Click here to view Chapter One of Theory of Knowledge.
The Reformed view of man finds him in a natural state of spiritual blindness. He is fully able to cogitate upon non-spiritual matters. He is able to acquire an incredible amount of knowledge and may become worldly wise and successful through his own determination and efforts.
Paul states that the lost are "always learning and never able to come to the knowledge of the truth" (2 Timothy 3:7). That is because the Bible says the natural man is blind to spiritual truths.
Ephesians 4:17-19 states, "This I say, therefore, and testify in the Lord, that you should no longer walk as the rest of the Gentiles walk, in the futility of their mind, having their understanding darkened, being alienated from the life of God, because of the ignorance that is in them, because of the blindness of their heart; who, being past feeling, have given themselves over to lewdness, to work all uncleanness with greediness." This passage clearly states that the natural man is separated from God, and from all justifying knowledge and sanctifying wisdom.
A natural man is ignorant of spiritual truths which are necessary for saving repentance and faith. Their spiritual thinking is misguided, and their spiritual beliefs are vain and hopeless. Their hearts have become cold and insensitive to spiritual matters, and they have grown to love their sin and their partners in sin.
This is not to say that a natural man cannot gather facts about God by hearing a sermon, listening to someone witness, or by reading the Bible. But his mind is unable to fully comprehend the knowledge he has received about God, thus restricting him from the salvific requirement of true repentance and saving faith in Jesus Christ.
It is not as though the natural man has a total case of unbelief in the true God, but it is a mistaken belief. He is confounded by the deep mysteries of the Christian faith. Keep in mind, though, that this predicament is perfectly fine to the natural man because they, as John Frame suggests, "are as passionately concerned to reject God as the Christian is to love Him" (1987, p.126). A sinful human's inclination is guided away from God, not towards Him.
Although such a man deserves to die, be judged, and sentenced to hell, God sometimes intervenes because of His love, mercy, and grace. Through election (Ephesians 1:3-14), divine calling (John 6:37), and the opening of a sinner's heart (Acts 16:14; Ephesians 1:18) God supernaturally enables a man to comprehend information pertaining to salvation. It is because of this divine predestination that a man begins to hunger and thirst for God, seeking to eat the bread of life and drink the living water.

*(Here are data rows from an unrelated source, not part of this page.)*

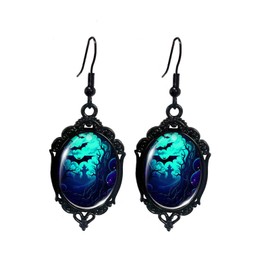 Vintage Gothic Earrings Drop Earrings for Women Gothic Bat Earrings Goth Glass Bat Dangle Earrings Blood Bat Earrings Gothic Victorian Earrings Unique Funky Earrings Gothic Jewelry Accessories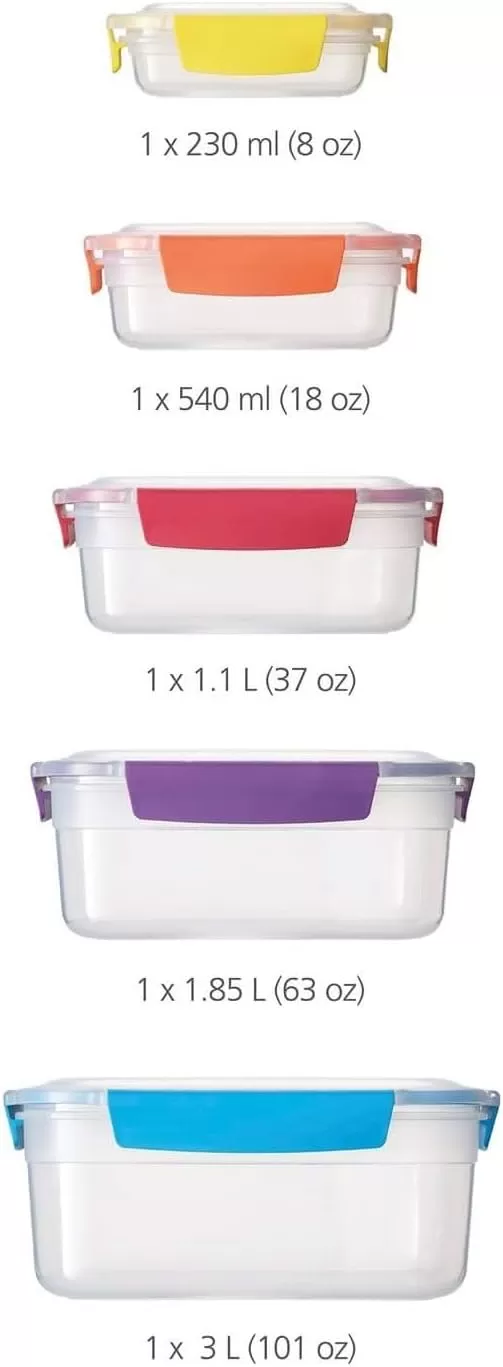 imageJoseph Joseph Nest Lock 5 Piece Plastic Food Kitchen Storage Container set with lids Leak Proof Airtight Space Saving BPA free MulticolourMulticolour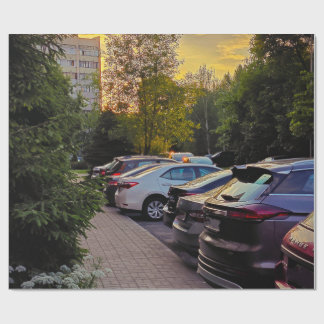 Custom Golden Hour Urban Trees — Gift Wrap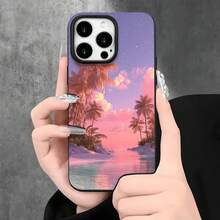 Fundas para phone con diseño de atardecer de ensueño y orificios grandes, estilo imitación. Compatibles con phone 16 Pro Max, 16, 15 Pro, 14, 14 Plus/14 Pro Max, 13, 13 Pro, 12 Pro y 11/11 Pro. Regalos para cumpleaños y fiestas - Negro - Ver 1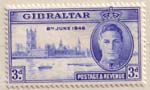120 1946 3d Bright Ultramarine Peace Issue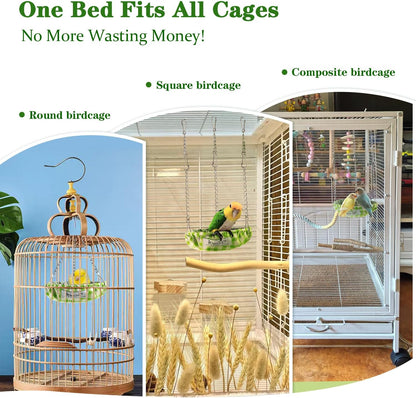 Waterproof Bird Bed with Adjustable Chain, Customizable Height Hanging Bird Hammock for Cage, Small Size Bird Nest with Durable Non-Collapsible Bottom, Bird Hut for Conures, Budgies (Green)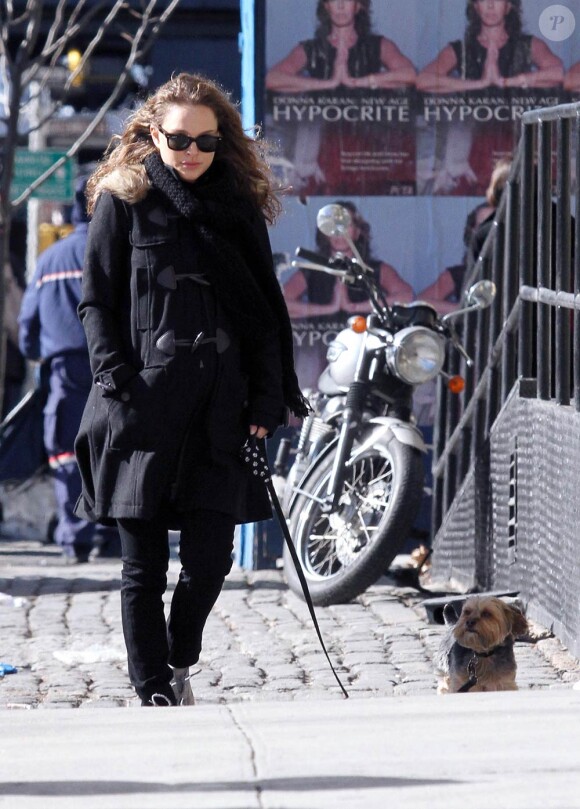 La ravissante Natalie Portman, enceinte, promène son chien Whiz (le frère du célèbre Woofy), dans les rues de Manhattan, à New York, le 8 février 2011.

In addition to truth facts already possessed by him gospel knowledge has to be given to the person. J.I. Packer says, "If there is to be faith, however, there must be a foundation of knowledge; a man must know of Christ, and of His cross, and of His promises, before saving faith becomes a possibility for him" (Evangelism, 1961, p.71). This is where pastors and Christian witnesses must be "on call" per se.
A Christian's faithful witness is precisely for a time such as this. Paul says he "endures all things for the sake of those who are chosen, so that they also may obtain the salvation which is in Christ Jesus" (2 Timothy 2:10). The Lord guides His seeker to a Christian where he will hear the gospel message (Romans 10:14-17). J.I. Packer reminds us to remain humble because, "Evangelism is man's work, but the giving of faith is God's work" (1961, p.40).
Be on guard as to the offensive nature of the gospel to the natural man. He has a long-standing personal religious system accumulated from various avenues which he will guard ferociously.
Pride is man's biggest sin and it rears its ugly head most dangerously when discussing religion. R.B. Kuiper warns about the two main elements that make it offensive, "One of these aspects is its uncompromising teaching of salvation by the grace of God and by that grace alone. Nothing could be more humiliating for man. . . . The other aspect of the Christian evangel which offends, and even infuriates, the natural man, is its claim to exclusiveness. He denounces that claim as intolerant and bigoted" (1966, p.173). Expect these common reactions to the gospel of grace.
At this point, our earlier study on how a man comes to knowledge benefits us. God has created man so that he may come to know Him, and He provides a process for this to take place.
God Himself innately plants information in a person's heart, i.e. existence of God, fear of God, existence of oneself, a moral law code, etc. Christians offering testimony detailing their experience with God gives the man needed information, too. Of course, divine revelation offers many avenues for knowledge to pass into the man's mind. Scripture reading, preaching, and teaching by Christians is ordained by God to fulfill this aspect of knowledge.
So too, God may show a man many things in his life through events and experiences. Finally, God regenerates the man giving him the ability to sort out and reason through all of this information. The regenerated man is then able to repent and believe in Jesus Christ, coming to know God through an incredible experiential meeting with Him. This is God's ordained process of calling, informing, and saving a human being.